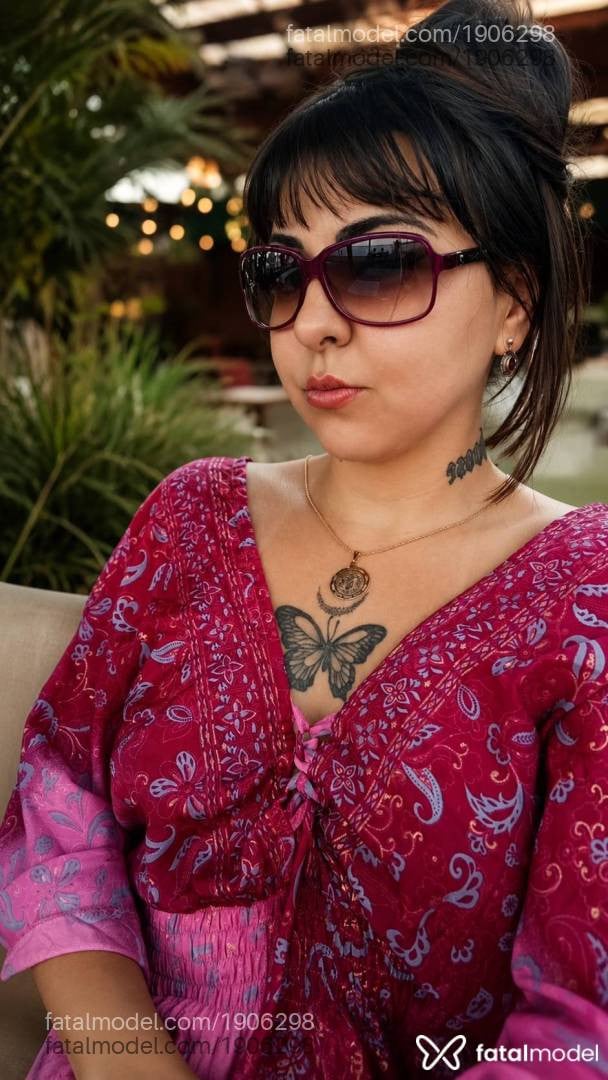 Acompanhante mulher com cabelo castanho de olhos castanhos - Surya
---
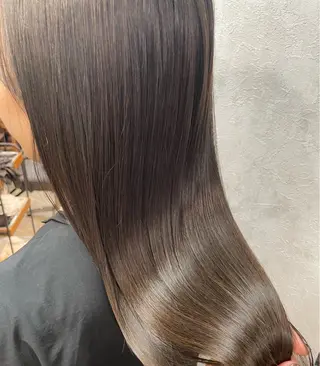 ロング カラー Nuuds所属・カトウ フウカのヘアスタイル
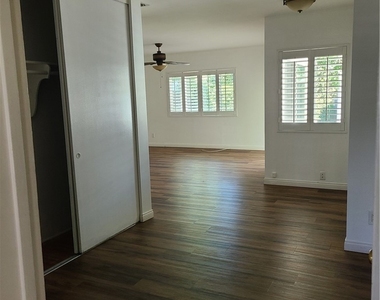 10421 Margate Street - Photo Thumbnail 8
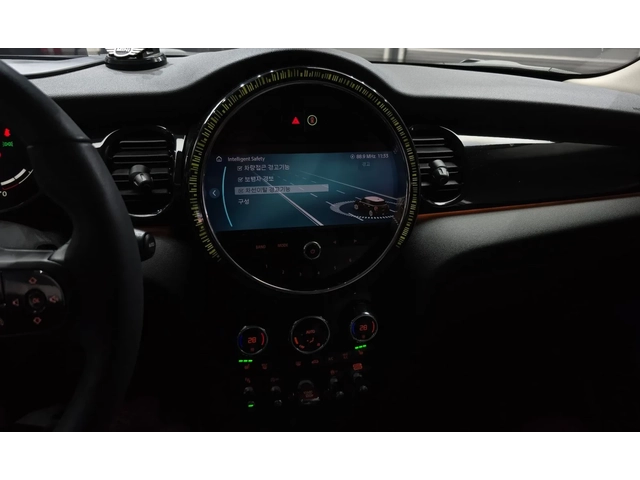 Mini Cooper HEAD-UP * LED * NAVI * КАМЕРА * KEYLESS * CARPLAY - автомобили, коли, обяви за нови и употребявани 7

--- WHAT IS REQUIRED ---
Find the line with "ロング カラー Nuuds所属・カトウ フウカのヘアスタイル" in the data above, and from there retype each line exactly through the line with "Mini Cooper HEAD-UP", skipping the pictures along the way.

--- RESULT BELOW ---
 ロング カラー Nuuds所属・カトウ フウカのヘアスタイル
 10421 Margate Street - Photo Thumbnail 8
 Mini Cooper HEAD-UP * LED * NAVI * КАМЕРА * KEYLESS * CARPLAY - автомобили, коли, обяви за нови и употребявани 7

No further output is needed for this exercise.